On the other hand, what if the market for A is splitting dramatically, new entrants everywhere, you have your own division disrupting it, and all the other competitors dropped market share by half, with margins dropping down to 12%. Well, your manager A managed to hold onto only a 1/3 drop in market share, and kept margins well above market averages. Everyone was suffering, he made sure you suffered a lot less!

So should you evaluate on market share and profit? On revenues? On changes? On position relative to the market? How about on change in position relative to changes in competitors' markets? The simple answer is all and none. The more complicated (but more correct) answer is that a simple few metric that work across all your direct reports only works with task-based employees. You can measure software engineers based on functioning productive output, and customer service agents based on tickets resolved, and sales people based on pure revenue. But at a higher level, you must be aware of the unique circumstances of each group. More specifically, you need to decide what the goal of the particular group is, and only then craft an evaluation plan. One manager's goal is to grow a business by 50% for a grand-total of $10MM in revenue, the other's to slow the slide in a business with $100MM in revenue, and yet you might pay the first manager more than the other.

Does this mean that your evaluation plan for manager A might be different than that for manager B? Sure; it probably should be. Does it mean that you might have both managers excel, or both fail? Of course it does. If you claim to be hiring A players, then be ready for it. The success of one does not come at the expense of the other, and you better have enough in your compensation budget to pay out rewards to all of them.

And yet, human nature is to look for a single metric to compare individuals (and everything else). An article in a recent WSJ showed that MBA admissions officers hired people with a higher GPA, even over those with a lower GPA from a better school. They will select a 3.4 GPA candidate from a class with 3.6 GPA average (i.e. they are in the bottom half of the class) over one with a 3.2 GPA from a class with a 3.0 GPA (i.e. they are in the top half of a very demanding class). Similarly, in an experiment, executives preferred to promote airport managers based on the on-time performance of their airport, completely ignoring what the performance was before the candidate arrived. It isn't just the performance that matters, it is also the change wrought by the manager.

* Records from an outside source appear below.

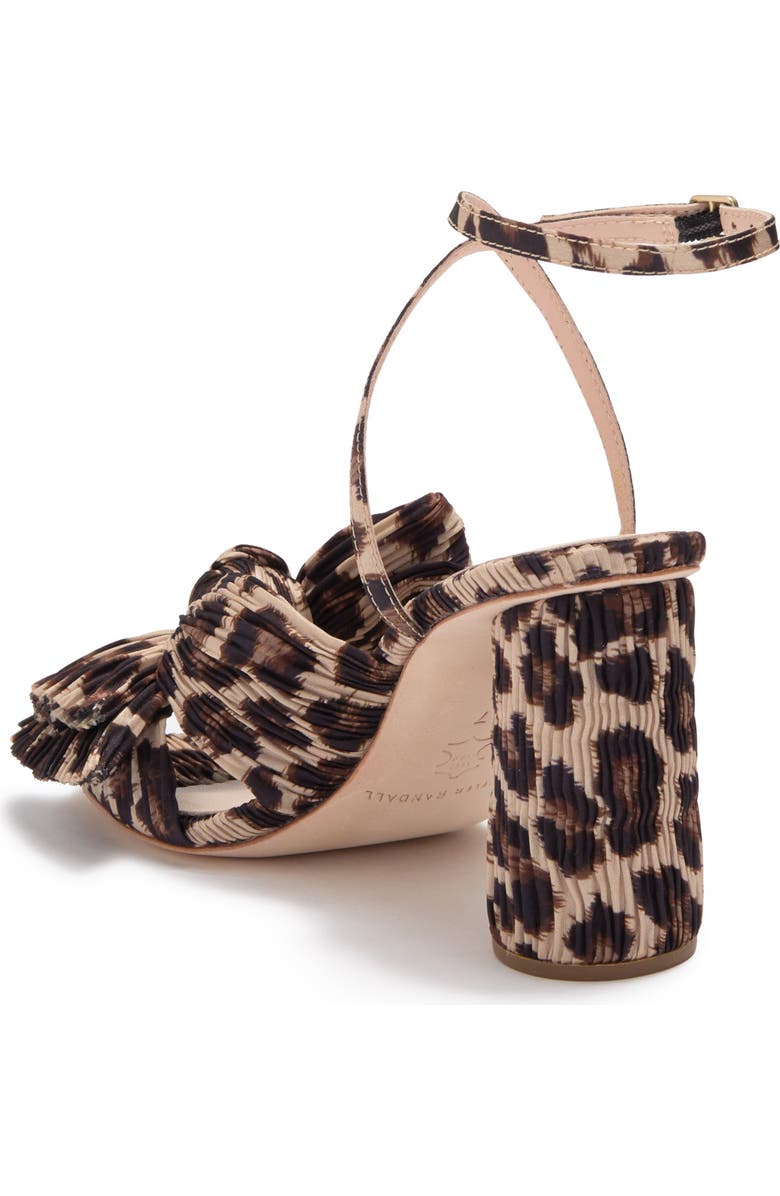 Loeffler Randall Camellia Pleated Bow Block Heel Sandal, Alternate, color,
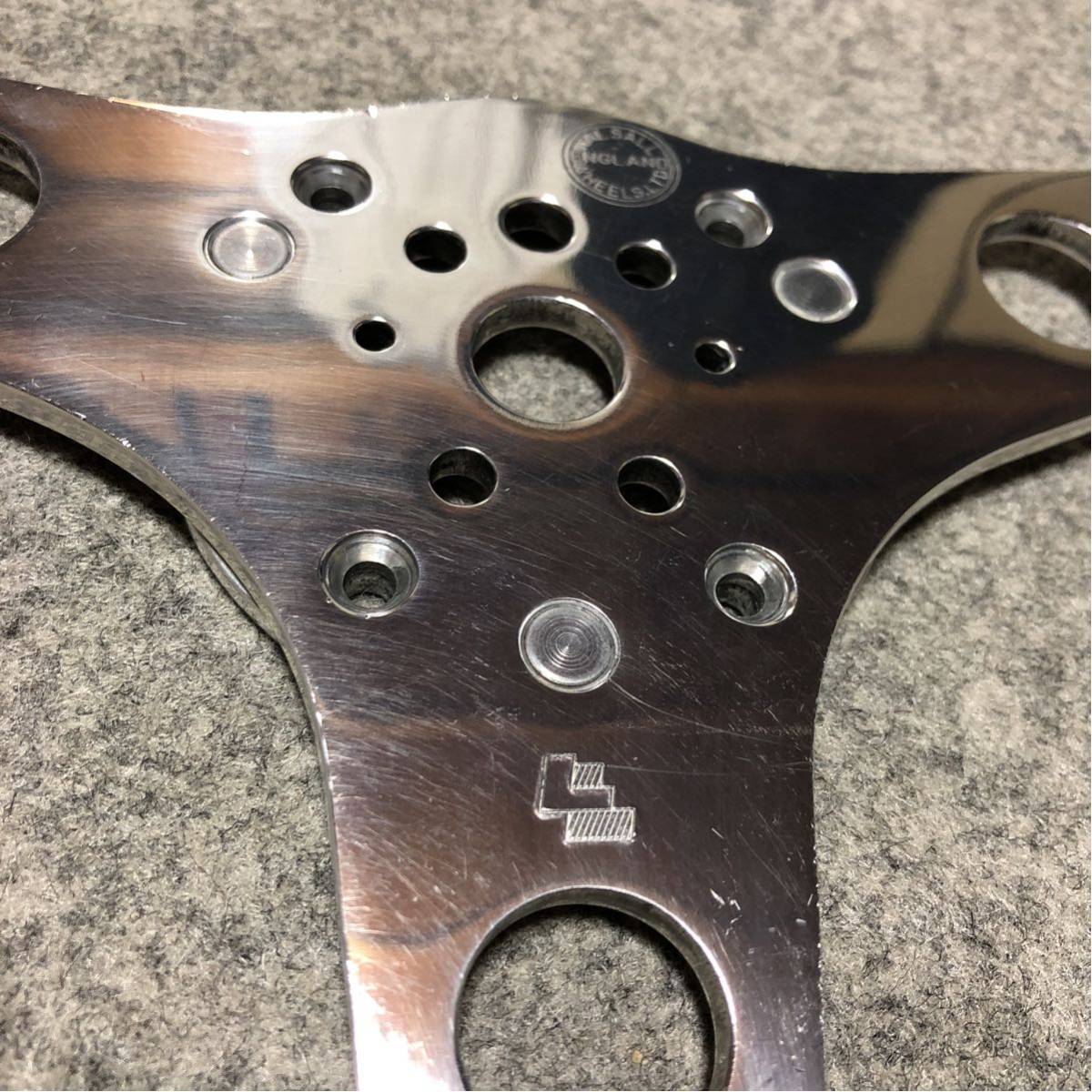 ウッドステアリング レスレストン グランプリ 390mm カラー付き 当時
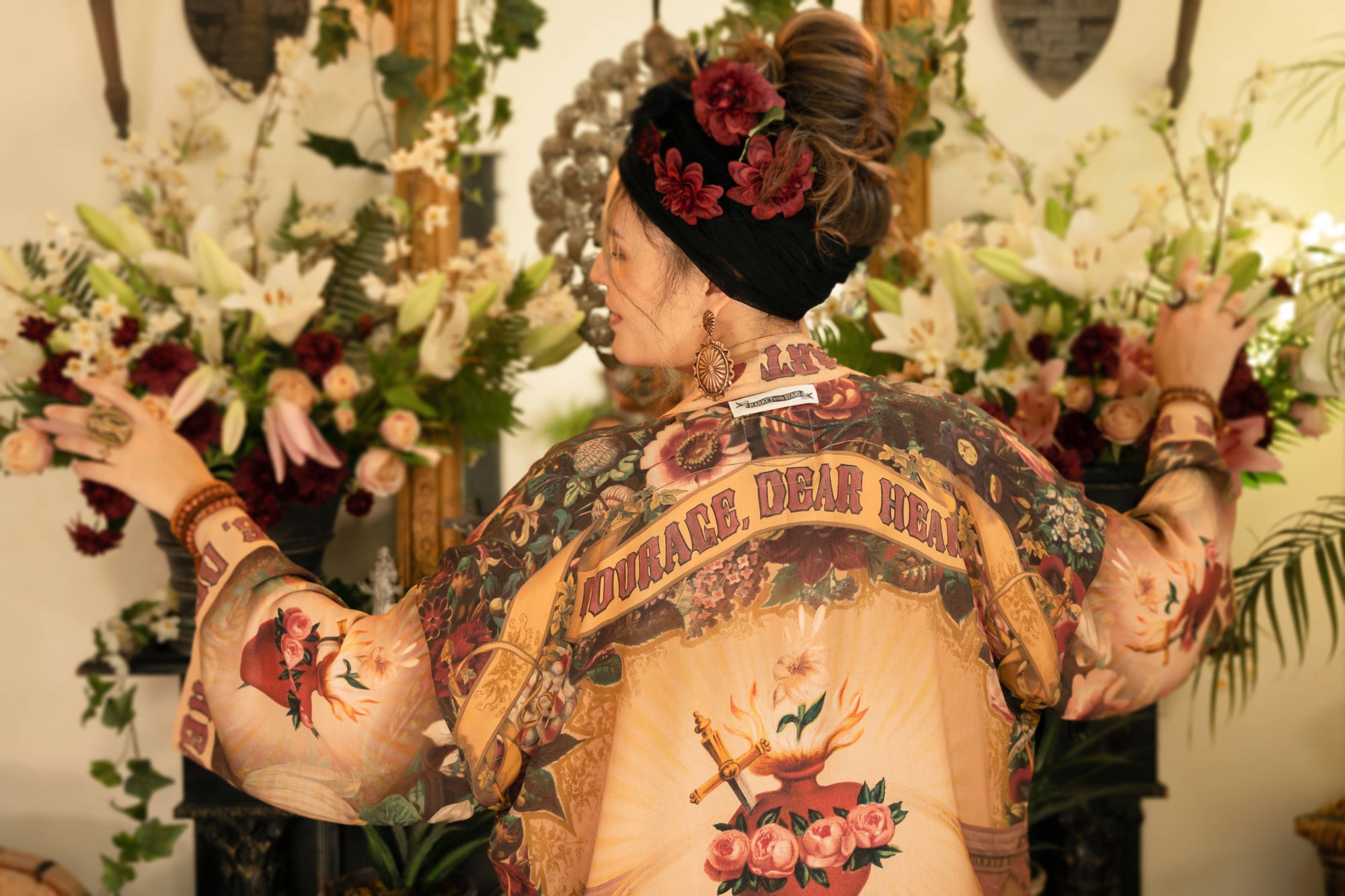 Market of Stars Courage Dear Heart Pixie Duster Crop Kimono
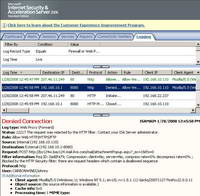 ISA Log File Submissions with HTML Forms Blocked Windows Live Mail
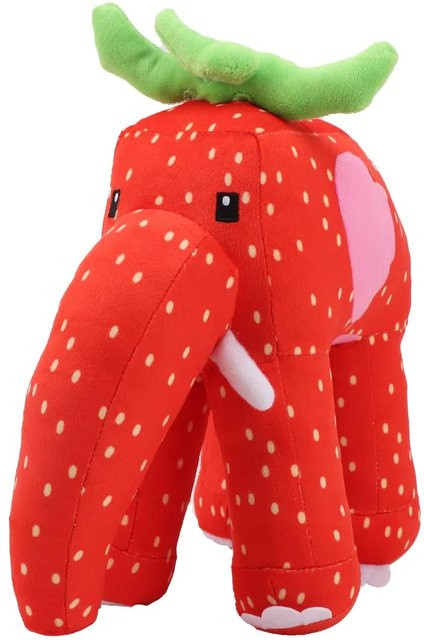 Kawai Steal A Brainrot Esok Sekolah Plüsch Erdbeer Elefant Kuscheltier, 25cm, ab 3 Jahren - Bild 1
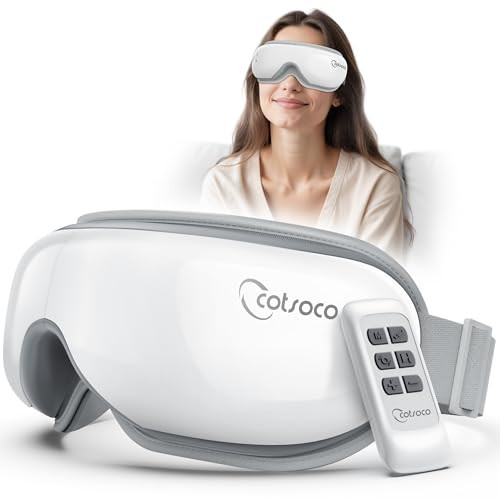Eye Massager with Heat Remote, and Compression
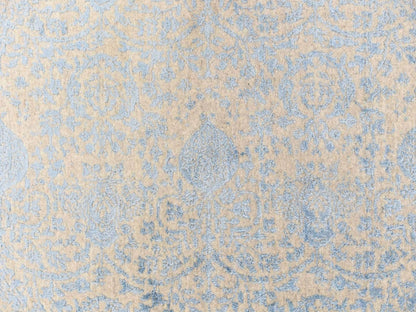 Beige 5'9" x 5'9" Modern and Contemporary Handloom Wool/Silk Rug - Sku: O078692
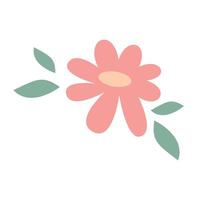 eben Design Frühling Blume Illustration auf Weiß Hintergrund vektor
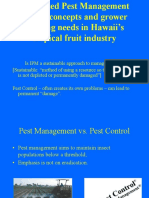 IPM Training Needs in Hawaii's Tropical Fruit Industry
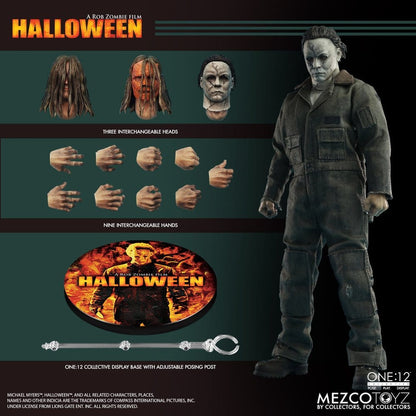 MICHAEL MYERS HALLOWEEN EL ORIGEN 2007 ONE:12 COLLECTIVE FIGURA 1/12 17 CM MEZCO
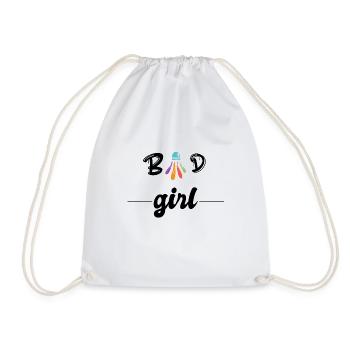 Badminton-T-Shirt für Frauen. Geschenkidee - Turnbeutel - Weiß - Vorne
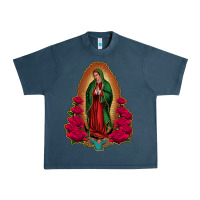 Midnight Navy our lady of guadalupe Urban Heavy Tee - Jasminsmagicworld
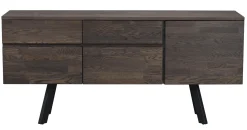 FRED sideboard mörkbrun ek/svart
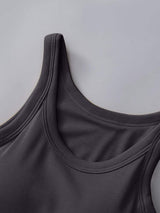 Round Neck Tank with Bra - Trendsi - Flyclothing LLC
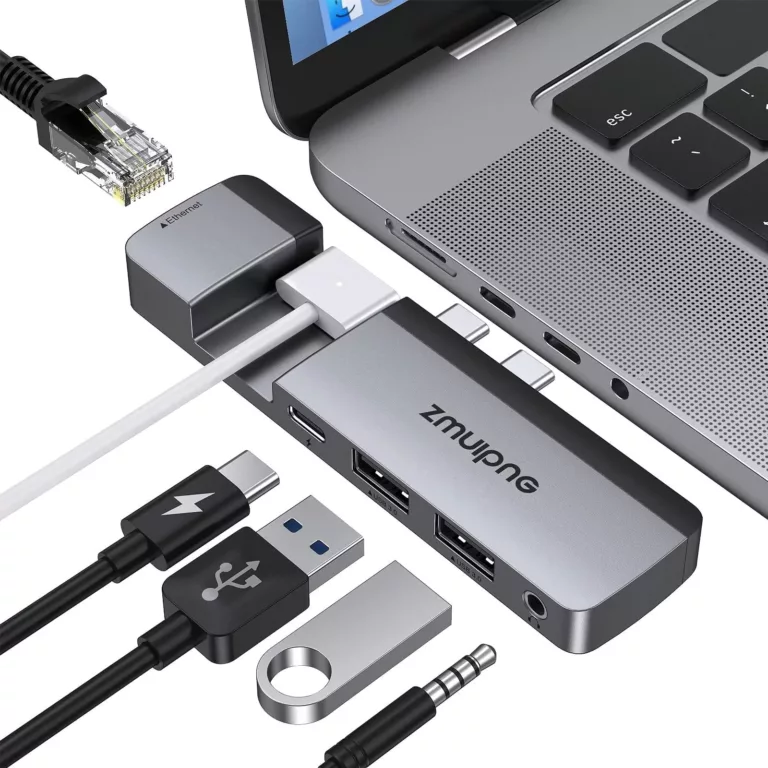 How to Connect MacBook Pro to Ethernet with a USB-C 9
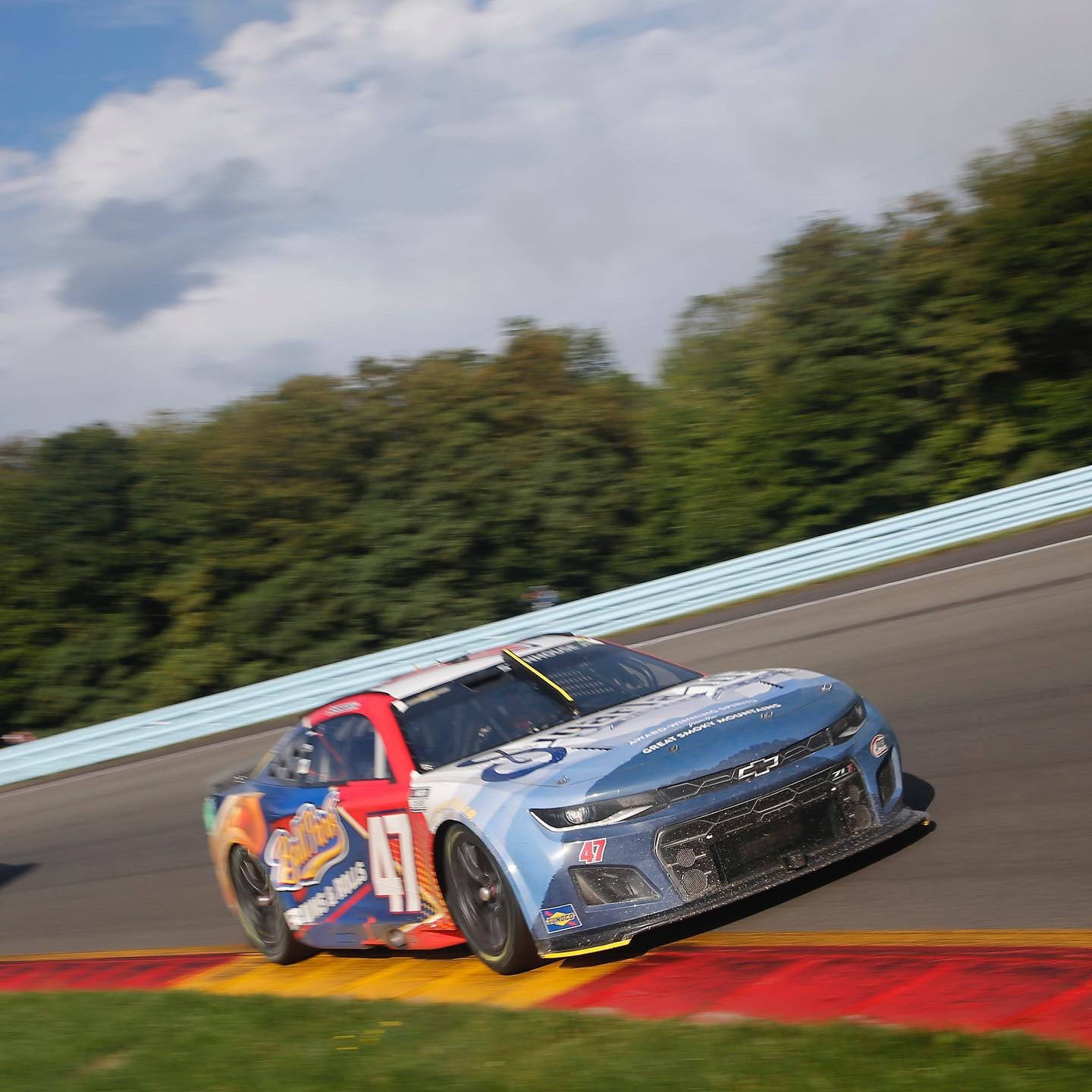 Ricky Stenhouse Jr., number 47, blue and red race car, HD Desktop Wallpaper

People prefer simple metrics, but they are dangerous. I personally have seen companies reward software engineers based on the number of lines of code written or modules shipped. You get what you pay for: they shipped buggy products with too many lines of code. Modify the metrics, and you get somewhere.

My favourite metric is one I designed at a client, called "Velocity." The engineering and operations staff get +1 for every deployment that works. They get -1 for every deployment that either creates a new bug, has to be rolled back, or does not complete the specifications targeted for the release. The metric drives the engineers to release small bits of safe code as often as possible... which is exactly what we wanted.

You will always get what you measure, and what you pay for. Make sure your metrics encourage precisely the behaviour you want.